What… so you want them to turn it into something like FF14 where you have no choices? Would you like them to force all Scrappers to use only hammer? All Weavers to be Sword/Focus? Every Virtuoso to only have Dagger/Pistol?

Sure balancing would be easier… but you throw player agency out the window with that. You said before that you think this change reduces build diversity… but what you seem to he pushing here would straight up kill build diversity… are you so blinded by balance issues that you can’t see what this change is really doing?

Don't misrepresent me with hyperbole, please.

What I am saying is that the espec system was like a *better* version of FFXIV that was more robustly bolstered and therefore more *likely* (not guaranteed, just likely) to stave off oversimplification and homogenization for far longer than FFXIV managed to do. Where, for the concession of having an exclusive weapon that synergized with the espec mechanic and skills, we had 27 distinct playstyles that were virtually never guaranteed to overlap and become what FFXIV is now: something between 3-5 roles/kits that all play the same. The delineation of especs in GW2 made it much harder for players to find available equivalents and complain for changes for "viability" since each class had an "identity" and (thanks largely to GW2 really avoiding discussion about roles, could plead ignorance as to exactly what GW2 "roles" even are) "role". What is Scourge? Is it a necro with some benefits? Is it a fully separate dark priest class? Is it a healer? Is it a DPS? As long as Scourge had these arbitrary things that Necro did not have, a lot of that didn't matter: it was understood to be nonfungible with every other class.

Removing weapon exclusivity breaks down that distinction. It is one step closer to just having especs be "options" rather than "requirements" for class identity. It is moving toward consolidating the classes back down to 9 professions instead of 27 especs, which in addition to the alac/quickness changes is removing a LOT of differentiation across both axes. This is just starting the slow slide toward homogenization.

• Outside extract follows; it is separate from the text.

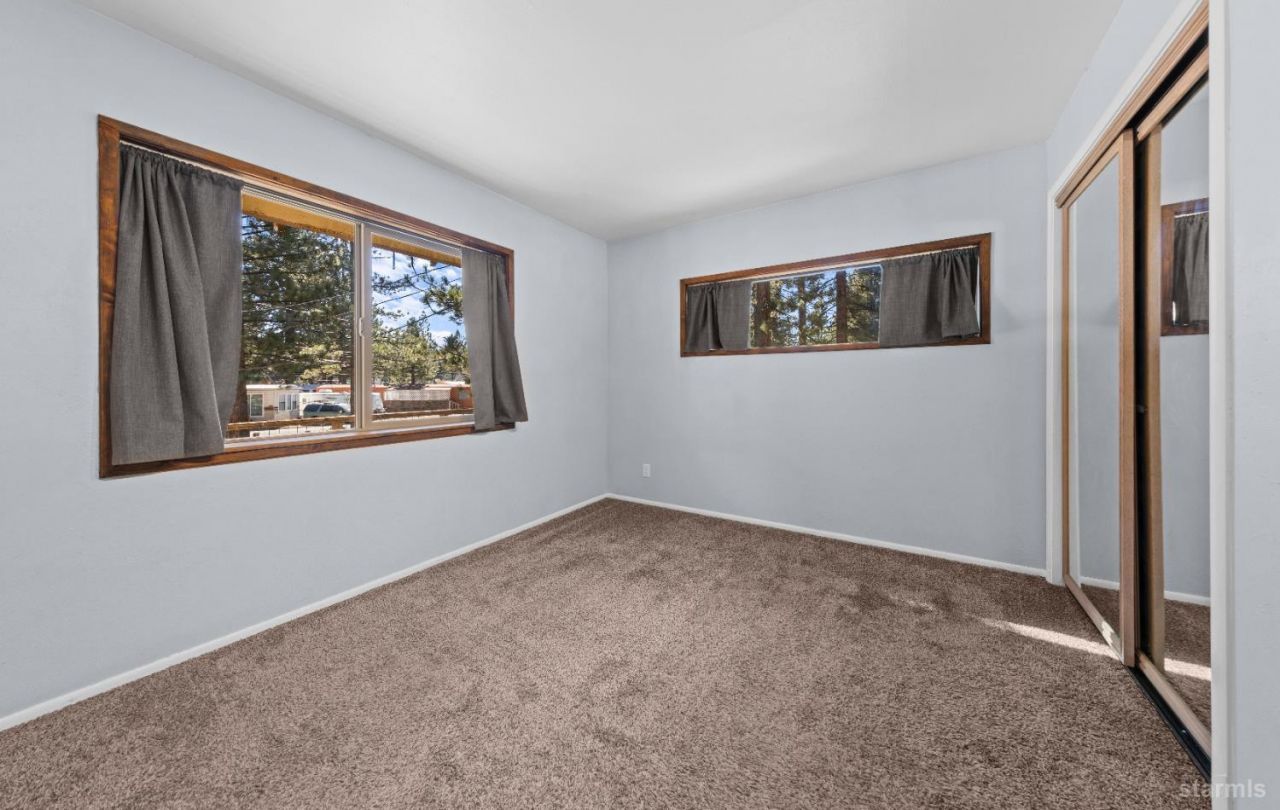 2493 Ponderosa Street, South Lake Tahoe, CA 96150 Photo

I actually liken these changes not to FFXIV's weapons, but to their skills. Used to be that a lot of the skills that comprise role kits were only available to individual classes. Things like provoke and addle were not role-specific, until enough players clamored for "balance" that every tank or healer was given it automatically. First more and more things become available to more and more classes, then the really distinct features become practically mandatory, then are just made universally available (see: boon creep). And then, when most of the functional diversity has been erased, players continue to complain about small inequities because of course they do--Astrologian's random card draws are too inconsistent, Samurai's crit bursts are too inconsistent for damage, flanking is too inconsistent on Monk. FFXIV almost totally got rid of DoT damage because one single, failed 48-man mode that they never bothered to replicate again was hitting the limit--does that remind anyone of this whole alac/quickness change and a single Soo-Won fight that players repeatedly complained about "consistency"?

Opening availability of anything that has the potential to be "preferred skills" on all three especs of a profession is just going to make it easier for players to compare, complain, and over time erase all the other options. This applies to weapons too. It is not a devastating change by itself (at this stage, it falls more in "pretty bad, lazy, and myopic"), but it is a change in the wrong direction and will only invite more "streamlining" changes in the future. It is taking the easy, FFXIV way out of development by *breaking down* distinct jobs and parting them out to "give players what they asked for" instead of *reinforcing* those jobs and putting in actual dev work to preserve them.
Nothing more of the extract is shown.